Beyond Africa, countries in Asia and the Middle East hold great potential. Examples include Pakistan, Vietnam, Saudi Arabia and Kuwait. In Europe, Romania looks interesting.

Are the risks over-hyped?

While it is clear that frontier markets offer investors an attractive investment opportunity, one should not forget the challenges. Some investors perceive that the frontier market growth premium is available only at the cost of heightened risk caused by factors such as political instability, low shareholder protection and corruption. We would contend that the risks inherent in most frontier markets are more salient, but similar to the political, country- and stock-specific risks in any other market, whether developed or emerging. The real difference is a lower degree of understanding and research on the part of the global investment community. We believe that research-oriented and detailed investment models allow investors a great deal of insight to better manage this information “gap”.

Market-specific risks are discounted in valuations and can be managed through a rigorous investment process. We believe that frontier markets present a strong investment case for long-term investors seeking to take advantage of this “new wave” of emerging markets.

Do you find that third-party service providers are always available for you to take advantage of perceived opportunities?

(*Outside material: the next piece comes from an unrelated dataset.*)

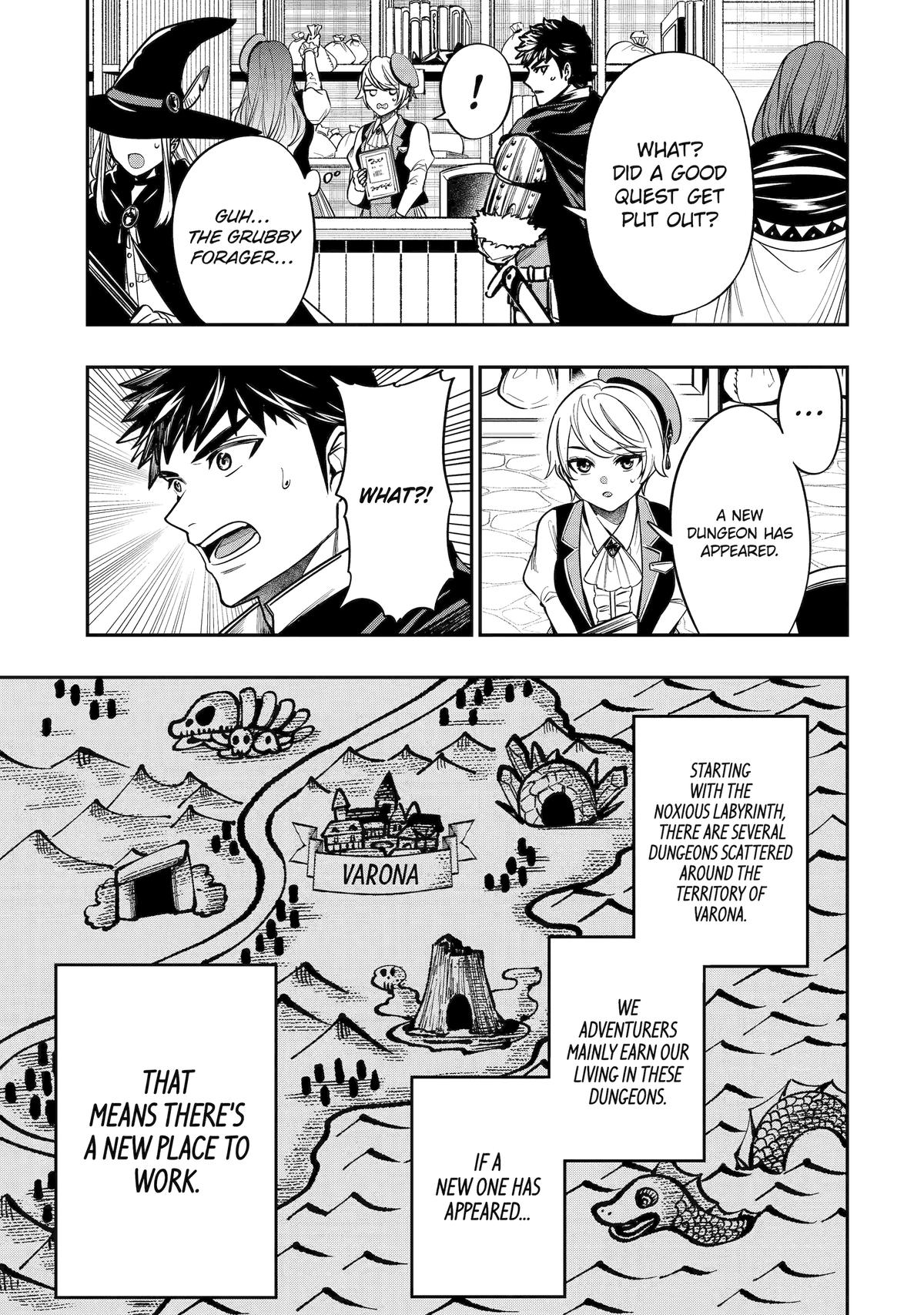 Monster Eater (TATE) Chapter 1 page 24 -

The role of local safekeeping agents (popularly known as custodians) is vital, especially when investing in less developed markets since it is paramount for foreign investors to be able to have adequate security for clients’ shares in domestic companies. The lack of these services is a deal-breaker for any foreign investor. I recall one time we wanted to invest in a telecommunication services company in Senegal for one of our Korean-domiciled funds. However, the custodian disclosed that they no longer supported the Ivory Coast as it was considered to be a restricted market, and as a consequence they did not offer services for the Senegal market. We were thus unable to move ahead with that purchase for the particular fund.